Par ailleurs, il peut être difficile d’analyser des résultats provenant de sources diverses, d’où la nécessité de recourir à des logiciels spécifiques pour le traitement des données.
Il requiert plus de planification et d’organisation que les autres types d’évaluation car s’il n’est pas fait correctement, il peut engendrer des tensions entre collaborateurs.
La confidentialité demeure un aspect important dans cette méthode.
Toutefois, certaines entreprises peuvent opter pour une évaluation à 180 degré qui consiste à évaluer l’impact managérial des responsables d’équipe, par les équipes elle-même.
Il permet donc au manager de recevoir un feedback sur son management.
Les N+1, les collègues, les interlocuteurs extérieurs ne sont pas concernés par ce type d’évaluation qui peut apparaitre comme un bon compromis entre l’évaluation classique et celle à 360 degré.
Qu’en est t il en Côte d’Ivoire ?
Ce type d’évaluation n’est pas très répandue dans notre pays notamment du fait que la culture managériale la plus appliquée reste la culture hiérarchique. L’intérêt et l’objectif n’est pas suffisamment bien perçu par les dirigeants qui craignent certainement les tensions que cela peut engendrer.
Néanmoins, il serait intéressant que plus d’entreprises intègre cette méthode car elle garante d’une volonté de performance professionnelle.

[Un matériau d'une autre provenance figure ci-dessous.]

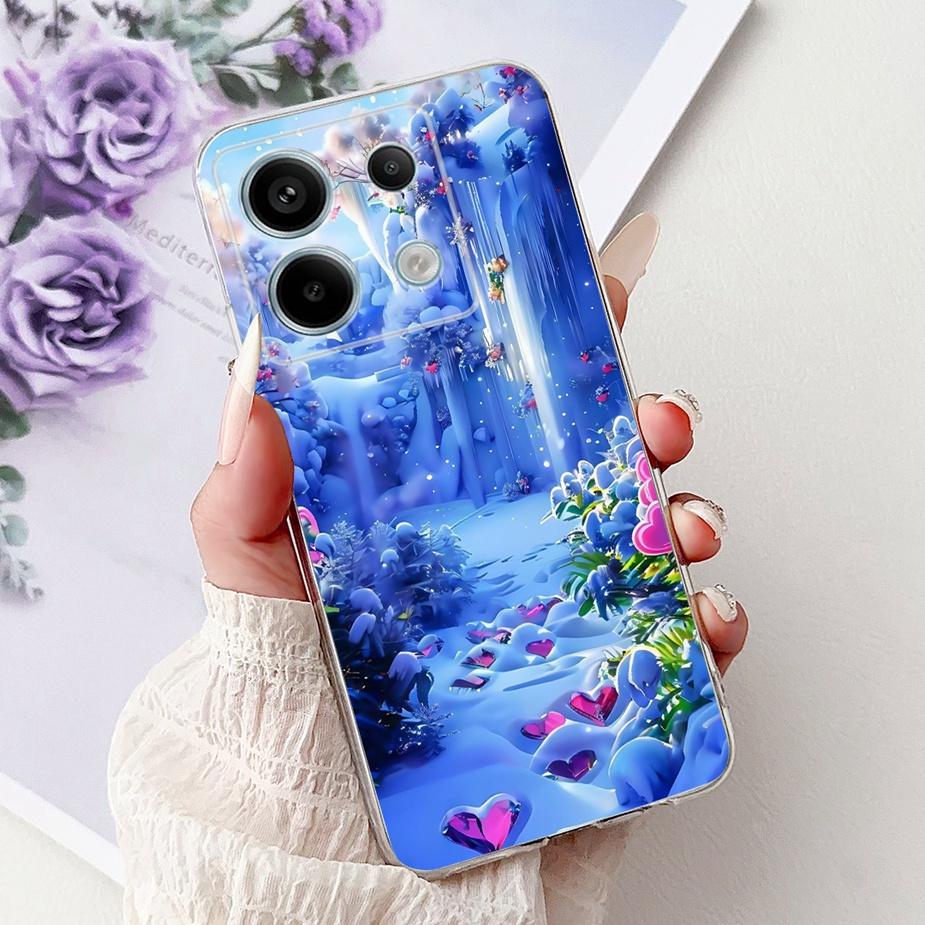 For Xiaomi Redmi Note 13 4G Case Note13 Pro New Fashion Painted Cover Soft Silicone Phone Case For Redmi Note 13 Pro Plus Fundas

Instaurer l’évaluation à 360 degré doit être vu comme un outil de développement des compétences managériales et un cadre de référence concret pour une meilleure connaissance de soi.
Ainsi, l’évaluation à 360 degré peut avoir un bel avenir si seulement les prérequis, à savoir principalement une culture d’entreprise plus participative et une organisation rigoureuse, sont mis en place.